Despite already being on heightened terror alert, France woke up on Saturday morning in grief, shock and still trembling from the night before.
Newspapers can often be accused of exaggerating headlines, but at first reading the words on the front page of Le Parisien did not feel like hyperbole.
“This time it's war”, the title read, and Le Figaro echoed the theme with the front page headline “War in central Paris”.
And as if the issue was in any doubt, French President François Hollande on Saturday called the attacks “an act of war”.
With hundreds of soldiers called in to patrol the streets of the capital after at least 129 were killed in a coordinated series of cold-blooded shootings and suicide attacks, it did indeed feel like war had come to the world's most-visited city.
And all this just 10 months after the January terror attacks killed 17 people at the offices of Charlie Hebdo, a Jewish store and on a street in the south of the city.
But while the Charlie Hebdo attacks felt like a wake up call to let Paris know it was vulnerable and in the line of sights of jihadists, it did not, and could not prepare us for the bloodshed of Friday.
But then, what could possibly prepare you for eight attackers, armed to the teeth with Kalashnikovs, grenades and suicide vests intent on killing as many innocent people as they could and ready to die to make sure they did?
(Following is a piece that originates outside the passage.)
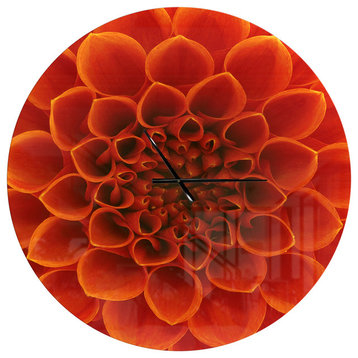 Large Dark Yellow Flower and Petals Floral Metal Clock, 36x36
Even though January's appalling attack on Charlie Hebdo was in the heart of Paris, it felt far enough away for most people, given that the magazine was specifically targeted in a revenge attack for publishing cartoons of Mohammed.
But Friday's terrifying massacre in pizzerias, concert venues, Cambodian restaurants, football stadiums and bars was indiscriminate – and therefore as close to home as you can get.
The coordinated shootings and suicide attacks were in the traditional working class northern suburbs and modern trendy areas of the east of capital.
They occurred far from the tourist hotspots that soldiers have been guarding in recent months.
These were attacks on bars and restaurants in a part of town frequented by the capital's young professionals and students.
The Petit Cambodge restaurant is just a short walk down the canal from The Local's office. We and other foreign journalists have spent many a Friday night drinking in and outside the Carillon bar, where bodies lay across the pavement on Friday night.
The attackers know there's nothing more frightening than being killed just for being in the wrong place at the wrong time on the wrong night.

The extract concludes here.